Rivian, the EV startup that stole the L.A. Auto Show: Who are these guys?

6 years ago - 3 December 2018, Autoblog
Rivian, the EV startup that stole the L.A. Auto Show: Who are these guys?
Top engineer talks about off-road capabilities and those funky headlights

Startup Rivian created the biggest buzz of the L.A. Auto Show by coming out of virtual oblivion to deliver not one but two battery-electric off-road vehicles with supercar-worthy acceleration and Tesla-fighting range figures. So who are these guys and how did they stay so undiscovered all this time?
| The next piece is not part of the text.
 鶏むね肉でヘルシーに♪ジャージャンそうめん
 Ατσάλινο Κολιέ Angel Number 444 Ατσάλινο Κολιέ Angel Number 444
To be sure, it's not like the company, which was founded as Mainstream Motors in Florida in 2009 and quickly changed its name to Avera Automotive before settling on Rivian, flew completely under the radar. But it's one thing to read about claims of 400-mile-plus driving range, 3-second 0-60 times and 11,000-pound towing capacity, and quite another to see what they've actually made — the R1T pickup truck and its companion, the R1S SUV.

The company was the brainchild of then-26-year-old R.J. Scaringe (he's now 35), a nature and car enthusiast who grew up on Florida's Indian River but was frustrated by what he saw as a lack of environmentally sustainable automobiles. Scaringe earned a degree in mechanical engineering from Rochester Polytechnic Institute in New York and later earned a master's and doctorate from MIT, where he worked on the research team at the Sloan Automotive Laboratory.

Rivian moved to the Detroit area from Florida in 2015 and now makes its de facto headquarters, design and engineering center in a former cash-register factory in suburban Plymouth, Mich. "There was literally no sign on the building," says Ken Shuman, chief communications officer.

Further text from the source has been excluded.